CHICAGO — Rick Barnes didn’t give the canned answer like Alabama’s Nate Oats and Iowa State’s T.J. Otzelberger had to because nobody really figured it was worth asking anymore.
“I’m from North Carolina,” the 71-year-old Tennessee men’s basketball coach quipped when told he was likely to be the only head coach at the 2026 NCAA Tournament’s Midwest regional to not have to address the job opening currently driving the college basketball coaching carousel conversation.
But the Hickory, North Carolina native is also from another era, joining Michigan State’s Tom Izzo and Houston’s Kelvin Sampson from the old guard of coaches to make it to the Sweet 16 this year. His No. 6 seeded Tennessee team faces No. 2 seed Iowa State Friday, March 27 at the United Center in Chicago.
With that longevity comes a fascinating perspective about the place he’s been for the past decade, the places he might have left for previously, and the places he probably won’t go now that everything about college sports is different.
“The obvious problem today is there’s some fan bases that still think they have an entitlement and they think it’s going to be the same way,” Barnes said on Thursday in reference to North Carolina basketballl. “The game has changed totally because of NIL.”
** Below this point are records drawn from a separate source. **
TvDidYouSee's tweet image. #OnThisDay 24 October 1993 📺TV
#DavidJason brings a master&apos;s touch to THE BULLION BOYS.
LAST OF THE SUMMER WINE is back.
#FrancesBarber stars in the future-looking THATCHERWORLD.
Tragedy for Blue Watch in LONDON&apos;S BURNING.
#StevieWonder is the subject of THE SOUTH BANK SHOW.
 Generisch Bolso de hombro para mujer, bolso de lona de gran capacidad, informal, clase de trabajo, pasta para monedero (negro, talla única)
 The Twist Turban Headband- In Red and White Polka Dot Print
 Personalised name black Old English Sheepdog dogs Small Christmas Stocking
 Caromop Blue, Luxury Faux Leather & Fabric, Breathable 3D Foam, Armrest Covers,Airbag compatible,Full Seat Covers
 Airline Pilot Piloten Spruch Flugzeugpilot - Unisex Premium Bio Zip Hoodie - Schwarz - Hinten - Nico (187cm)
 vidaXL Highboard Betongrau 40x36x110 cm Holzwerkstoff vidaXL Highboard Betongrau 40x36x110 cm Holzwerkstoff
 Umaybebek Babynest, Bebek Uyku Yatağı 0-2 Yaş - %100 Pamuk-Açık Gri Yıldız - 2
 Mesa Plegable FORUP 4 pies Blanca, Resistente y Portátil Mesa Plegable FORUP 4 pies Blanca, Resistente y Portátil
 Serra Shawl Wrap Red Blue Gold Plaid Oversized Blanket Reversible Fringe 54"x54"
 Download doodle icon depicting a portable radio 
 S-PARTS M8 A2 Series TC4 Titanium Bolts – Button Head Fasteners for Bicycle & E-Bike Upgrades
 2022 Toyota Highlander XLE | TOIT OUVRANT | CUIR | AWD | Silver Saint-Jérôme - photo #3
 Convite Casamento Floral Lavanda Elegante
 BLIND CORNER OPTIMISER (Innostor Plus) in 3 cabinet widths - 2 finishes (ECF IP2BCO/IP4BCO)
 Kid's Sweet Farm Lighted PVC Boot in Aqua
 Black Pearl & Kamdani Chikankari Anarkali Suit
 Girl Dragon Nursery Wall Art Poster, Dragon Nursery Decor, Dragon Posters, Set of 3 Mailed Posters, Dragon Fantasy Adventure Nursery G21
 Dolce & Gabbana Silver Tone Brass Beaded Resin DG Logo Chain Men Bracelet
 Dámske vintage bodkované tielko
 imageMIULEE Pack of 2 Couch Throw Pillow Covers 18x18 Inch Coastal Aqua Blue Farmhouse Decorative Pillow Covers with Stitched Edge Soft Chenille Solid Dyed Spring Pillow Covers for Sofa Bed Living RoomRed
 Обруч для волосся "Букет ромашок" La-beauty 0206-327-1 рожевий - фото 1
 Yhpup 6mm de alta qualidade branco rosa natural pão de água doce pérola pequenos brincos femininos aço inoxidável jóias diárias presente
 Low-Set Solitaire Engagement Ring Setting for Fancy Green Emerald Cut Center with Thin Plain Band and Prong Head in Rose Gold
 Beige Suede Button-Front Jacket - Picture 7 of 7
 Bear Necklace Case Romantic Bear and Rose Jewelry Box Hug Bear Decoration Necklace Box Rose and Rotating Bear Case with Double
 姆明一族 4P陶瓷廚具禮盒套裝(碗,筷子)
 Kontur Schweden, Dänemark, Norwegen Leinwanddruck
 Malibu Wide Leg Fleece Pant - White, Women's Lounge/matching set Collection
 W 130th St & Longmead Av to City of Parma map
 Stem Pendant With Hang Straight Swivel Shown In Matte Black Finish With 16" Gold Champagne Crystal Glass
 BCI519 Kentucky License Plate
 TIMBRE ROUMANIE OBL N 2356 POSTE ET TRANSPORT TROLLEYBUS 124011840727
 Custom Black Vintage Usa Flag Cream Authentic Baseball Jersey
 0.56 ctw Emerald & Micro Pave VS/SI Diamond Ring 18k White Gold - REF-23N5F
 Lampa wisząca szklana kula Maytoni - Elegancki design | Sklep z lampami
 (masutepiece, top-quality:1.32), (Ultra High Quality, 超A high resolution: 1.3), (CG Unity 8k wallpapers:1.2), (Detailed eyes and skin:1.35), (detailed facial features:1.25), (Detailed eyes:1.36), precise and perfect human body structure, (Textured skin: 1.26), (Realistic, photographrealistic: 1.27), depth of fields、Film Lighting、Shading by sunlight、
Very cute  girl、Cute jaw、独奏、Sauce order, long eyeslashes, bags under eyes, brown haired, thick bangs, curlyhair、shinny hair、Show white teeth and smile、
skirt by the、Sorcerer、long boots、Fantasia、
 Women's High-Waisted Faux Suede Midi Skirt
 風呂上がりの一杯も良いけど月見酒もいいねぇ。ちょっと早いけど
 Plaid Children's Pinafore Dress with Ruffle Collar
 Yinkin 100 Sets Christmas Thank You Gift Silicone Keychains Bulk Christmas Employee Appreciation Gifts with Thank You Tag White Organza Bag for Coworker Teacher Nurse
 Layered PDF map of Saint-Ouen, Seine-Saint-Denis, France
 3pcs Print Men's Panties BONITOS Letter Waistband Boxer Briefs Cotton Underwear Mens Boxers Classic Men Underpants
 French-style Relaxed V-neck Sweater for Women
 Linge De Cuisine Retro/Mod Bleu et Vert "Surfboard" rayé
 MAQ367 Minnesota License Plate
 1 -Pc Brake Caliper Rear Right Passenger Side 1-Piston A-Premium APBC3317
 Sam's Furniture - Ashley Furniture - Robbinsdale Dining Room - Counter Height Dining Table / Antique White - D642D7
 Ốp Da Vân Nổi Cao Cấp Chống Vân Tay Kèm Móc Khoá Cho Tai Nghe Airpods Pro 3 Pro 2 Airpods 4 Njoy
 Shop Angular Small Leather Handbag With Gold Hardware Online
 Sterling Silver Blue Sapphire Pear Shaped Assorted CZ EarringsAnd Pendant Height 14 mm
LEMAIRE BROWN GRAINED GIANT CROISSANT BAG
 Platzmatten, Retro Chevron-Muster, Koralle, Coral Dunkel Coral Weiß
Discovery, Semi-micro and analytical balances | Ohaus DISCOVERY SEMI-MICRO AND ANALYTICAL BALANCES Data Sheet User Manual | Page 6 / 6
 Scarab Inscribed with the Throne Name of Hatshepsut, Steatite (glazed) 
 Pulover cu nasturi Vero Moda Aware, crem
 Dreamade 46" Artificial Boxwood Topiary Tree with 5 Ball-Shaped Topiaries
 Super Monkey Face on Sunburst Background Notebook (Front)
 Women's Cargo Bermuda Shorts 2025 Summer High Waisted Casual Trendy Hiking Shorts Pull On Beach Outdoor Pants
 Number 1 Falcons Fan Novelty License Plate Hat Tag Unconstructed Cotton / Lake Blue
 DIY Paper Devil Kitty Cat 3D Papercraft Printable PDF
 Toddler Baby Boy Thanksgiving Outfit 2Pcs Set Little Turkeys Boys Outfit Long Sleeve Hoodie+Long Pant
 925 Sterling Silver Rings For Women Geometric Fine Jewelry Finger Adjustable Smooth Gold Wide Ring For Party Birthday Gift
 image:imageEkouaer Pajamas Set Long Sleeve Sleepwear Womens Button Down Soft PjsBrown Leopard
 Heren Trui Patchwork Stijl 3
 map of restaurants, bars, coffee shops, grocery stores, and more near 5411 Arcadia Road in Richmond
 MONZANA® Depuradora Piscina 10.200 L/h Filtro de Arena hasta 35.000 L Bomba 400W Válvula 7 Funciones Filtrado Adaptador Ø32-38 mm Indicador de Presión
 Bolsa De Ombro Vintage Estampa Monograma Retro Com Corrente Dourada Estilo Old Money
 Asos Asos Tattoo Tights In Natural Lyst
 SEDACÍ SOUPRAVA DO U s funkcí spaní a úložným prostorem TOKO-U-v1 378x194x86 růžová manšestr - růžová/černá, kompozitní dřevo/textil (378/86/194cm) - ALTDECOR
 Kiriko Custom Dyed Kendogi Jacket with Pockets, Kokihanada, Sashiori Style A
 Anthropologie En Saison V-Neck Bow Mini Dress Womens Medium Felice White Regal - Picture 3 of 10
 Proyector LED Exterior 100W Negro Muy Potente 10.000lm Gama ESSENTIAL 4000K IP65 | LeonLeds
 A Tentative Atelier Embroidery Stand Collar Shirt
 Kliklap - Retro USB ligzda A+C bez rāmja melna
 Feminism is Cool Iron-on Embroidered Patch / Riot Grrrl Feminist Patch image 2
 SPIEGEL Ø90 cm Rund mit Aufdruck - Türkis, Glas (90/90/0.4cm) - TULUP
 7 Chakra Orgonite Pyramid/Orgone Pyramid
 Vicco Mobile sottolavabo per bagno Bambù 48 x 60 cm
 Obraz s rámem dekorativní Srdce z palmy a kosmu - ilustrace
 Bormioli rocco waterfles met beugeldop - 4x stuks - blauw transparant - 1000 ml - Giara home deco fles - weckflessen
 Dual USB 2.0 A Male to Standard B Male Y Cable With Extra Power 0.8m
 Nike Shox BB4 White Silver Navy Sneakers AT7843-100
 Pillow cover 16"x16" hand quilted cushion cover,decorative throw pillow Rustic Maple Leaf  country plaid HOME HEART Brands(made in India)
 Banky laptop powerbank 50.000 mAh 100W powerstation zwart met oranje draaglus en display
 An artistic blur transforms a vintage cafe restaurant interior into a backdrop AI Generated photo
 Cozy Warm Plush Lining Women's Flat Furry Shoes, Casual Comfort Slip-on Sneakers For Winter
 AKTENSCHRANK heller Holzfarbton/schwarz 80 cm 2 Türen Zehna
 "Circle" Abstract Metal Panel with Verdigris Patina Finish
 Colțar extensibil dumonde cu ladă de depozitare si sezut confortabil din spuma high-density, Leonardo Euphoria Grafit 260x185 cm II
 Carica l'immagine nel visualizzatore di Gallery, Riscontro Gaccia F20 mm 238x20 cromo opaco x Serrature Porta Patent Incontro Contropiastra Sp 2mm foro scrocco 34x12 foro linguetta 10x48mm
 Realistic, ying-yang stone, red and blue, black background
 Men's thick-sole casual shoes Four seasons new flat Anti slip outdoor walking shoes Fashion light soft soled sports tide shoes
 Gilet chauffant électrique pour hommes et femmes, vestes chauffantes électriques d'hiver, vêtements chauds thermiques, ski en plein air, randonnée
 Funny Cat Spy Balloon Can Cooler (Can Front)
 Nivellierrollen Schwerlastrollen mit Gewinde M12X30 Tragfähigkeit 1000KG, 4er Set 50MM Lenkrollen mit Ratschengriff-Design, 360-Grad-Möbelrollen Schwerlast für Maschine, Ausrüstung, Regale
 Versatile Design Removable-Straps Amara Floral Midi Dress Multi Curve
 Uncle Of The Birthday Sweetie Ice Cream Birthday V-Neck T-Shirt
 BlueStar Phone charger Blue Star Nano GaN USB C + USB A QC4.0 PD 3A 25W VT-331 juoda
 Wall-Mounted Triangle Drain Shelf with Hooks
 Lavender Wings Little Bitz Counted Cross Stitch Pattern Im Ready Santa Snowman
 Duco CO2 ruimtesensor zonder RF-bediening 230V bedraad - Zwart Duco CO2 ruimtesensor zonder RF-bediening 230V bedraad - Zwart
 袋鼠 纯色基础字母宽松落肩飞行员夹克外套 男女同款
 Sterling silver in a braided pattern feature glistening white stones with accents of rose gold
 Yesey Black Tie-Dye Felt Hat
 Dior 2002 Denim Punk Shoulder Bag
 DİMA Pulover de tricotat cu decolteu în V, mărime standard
The statement perhaps minimizes the remarkable consistency forged under Barnes over the past decade on Rocky Top. This is the fourth Sweet 16 appearance in a row for Tennessee under Barnes, and no active coach has more all-time wins (860) without winning a national championship. The Vols have advanced past the first weekend of the men’s NCAA Tournament nearly as many times with Barnes (5) as they had in the previous 106 seasons of program history.
He’s also 23 years removed from a Final Four appearance with Texas and may never be on another blueblood wish list again because of his age and the lifetime contract he signed with the Volunteers last year. But now, with his coaching career much closer to its ending than the beginning, he might not need to be.
That’s what he believes, and so do his counterparts actually being featured on all those UNC hot boards this week. The 2025-26 college football season was proof of concept for some.
“We may not have the tradition that some of these other places had,” Oats said in reference to Alabama, for instance, “but Indiana football probably didn’t have that tradition, either, and they won it. I think their athletic department supported them, they got a good coach and they won it.”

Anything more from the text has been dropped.